Costs less than a quarter of equivalent wind turbine system
(Tampa, FL, January 27, 2016) Cool Technologies, Inc. (OTCQB: WARM) (“Cool Tech”) announced today that it can deliver the equivalent of a 2 megawatt generator with 4.5 months lead time, and that it is mobile. By comparison, an equivalent General Electric 2 megawatt wind generation turbine can take 5 years and cost 5 times as much. This demonstrates how Cool Tech is bringing down the cost of electric power and making it mobile to help address power outages from natural disasters to excessive drain on the power grid. Cool Tech’s trucks can simply drive up, plug in and the power is back on.
Cool Tech’s patent-pending technology uses a work truck’s internal combustion engine to power an on-board generator that delivers up to 200 kW of consistent, continuous electric power. In the event of an outage or disaster, it can provide emergency power wherever it’s needed to keep homes livable, businesses running, perishables cold and critical infrastructure operational. One truck can power about 40 typical US homes. Ten trucks can be driven to any location on the globe and combined to create the equivalent of a 2 megawatt generator, which can power about 440 average US homes.
A 2 megawatt GE wind turbine can also power about 440 homes, however, it will not work in a power outage because it needs to draw power off the grid to run. The power it provides is also not continuous as it is dependent on the wind. Finally, it can cost more than $5 million and take more than 5 years to build and set up.
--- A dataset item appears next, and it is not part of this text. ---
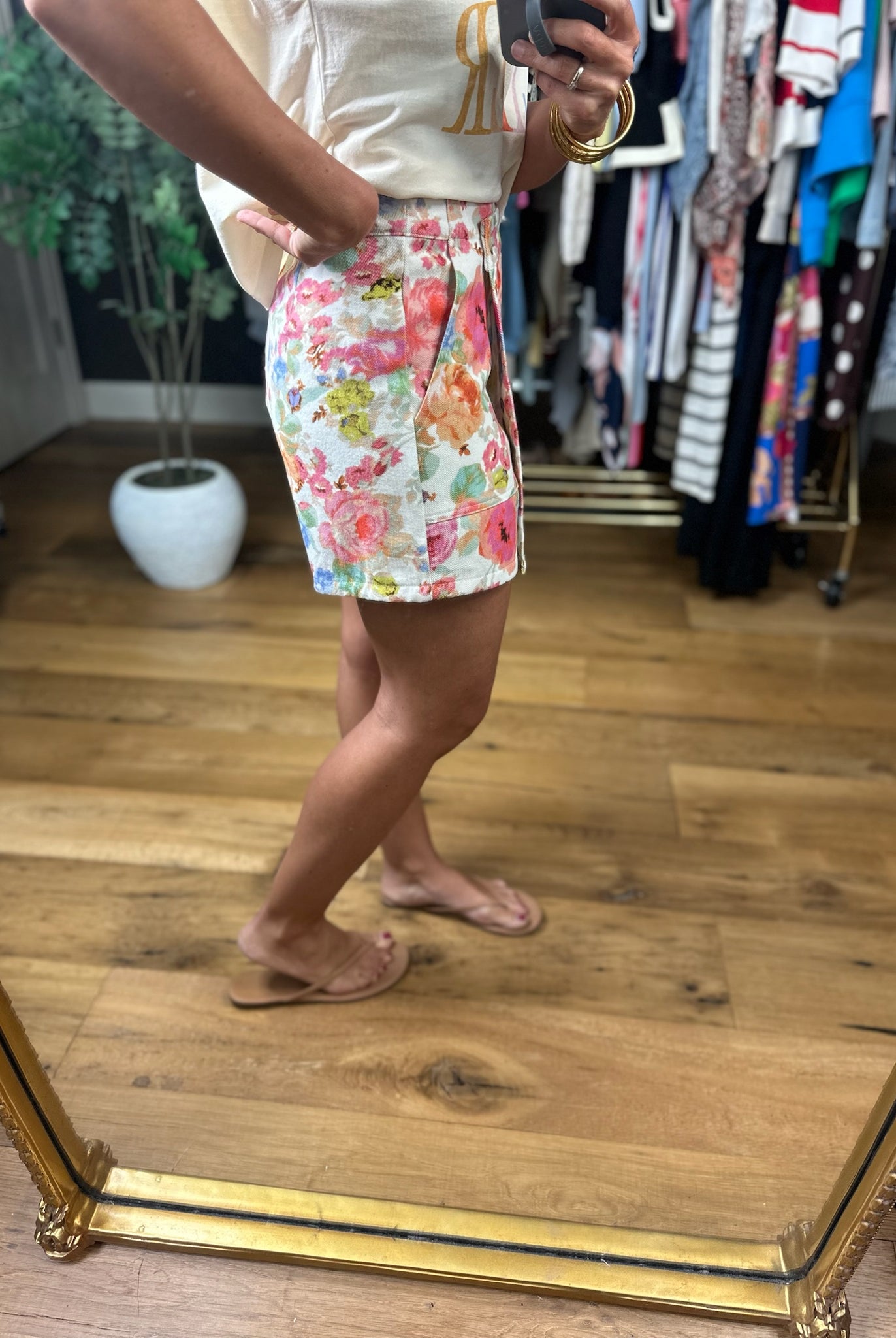 Summer Vibes Floral Skort-Shorts-Entro-Anna Kaytes Boutique, Women's Fashion Boutique in Grinnell, Iowa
An equivalent power source from Cool Technologies costs less than $1,000,000 and can be delivered in less than five months. The GE wind turbine’s price per megawatt: about $2,500,000. The Cool Technologies’ price: about $500,000.
Pound for pound, cubic inch for cubic inch, no other generator packs more power. That’s because Cool Tech’s patented thermal technology cools electric generators more efficiently. More efficient cooling means higher electric output, up to 40% more. In technical terms, it delivers the power of a liquid- cooled generator in a smaller, lighter and simpler package.
“This technology enables work trucks to output both single and three phase power for one quarter the weight of a tow-behind and with one fewer engine to drive the generator, hence a reduction in emissions. And the truck can tow other equipment,” said Daniel Ustian, former Chairman and Chief Executive Officer of Navistar and current Cool Technologies Board member. “This could impact the tow-behind generator market in a very disruptive way.“
“The US has lack of grid stability. Developing countries are in need of power now and industrialization and urbanization have pushed current power delivery to their limits,” said Cool Technologies’ CEO, Timothy Hassett. “We believe chain operations or businesses with remote or satellite operations should be very interested as well. One truck can eliminate the costs and maintenance expenses of permanent back-up generators. Whenever there’s a problem, it can be dispatched immediately to keep the lights on and the business open.”
About Cool Technologies, Inc.
Cool Tech is an intellectual property and engineering company that works with partners such as Emerson Electric and Nidec Motor Corporation to manufacture products utilizing their assets. Our expertise in thermal dispersion technologies and their application to various product platforms enables them to improve power output by up to 40%. We employ a business model very similar to General Electric’s under Jack Welch. The model incorporates license & royalty, strategic alliance and joint venture/profit sharing. Cool Technologies is currently commercializing its patented thermal technology and a mobile generation technology. Plus, it has additional patents-pending for various OEM applications of its proprietary heat removal technologies. The markets that will be addressed by these technologies include industries such as pumps, fans, compressors, batteries, motors, generators and bearings.
Safe Harbor Statement.
This release contains forward-looking statements within the meaning of Section 27A of the Securities Act of 1933 and Section 21E of the Securities Exchange Act of 1934. These statements are based on plans and expectations of management and are subject to uncertainties and risks that could affect the company’s plans and expectations, as well as results of operations and financial condition. A listing of risk factors that may affect the company’s business prospects and cause results to differ from those described in the forward-looking statements can be found in company reports and documents filed with the Securities and Exchange Commission. The company undertakes no obligation to update or revise any forward-looking statements, whether as a result of new information, future events or otherwise.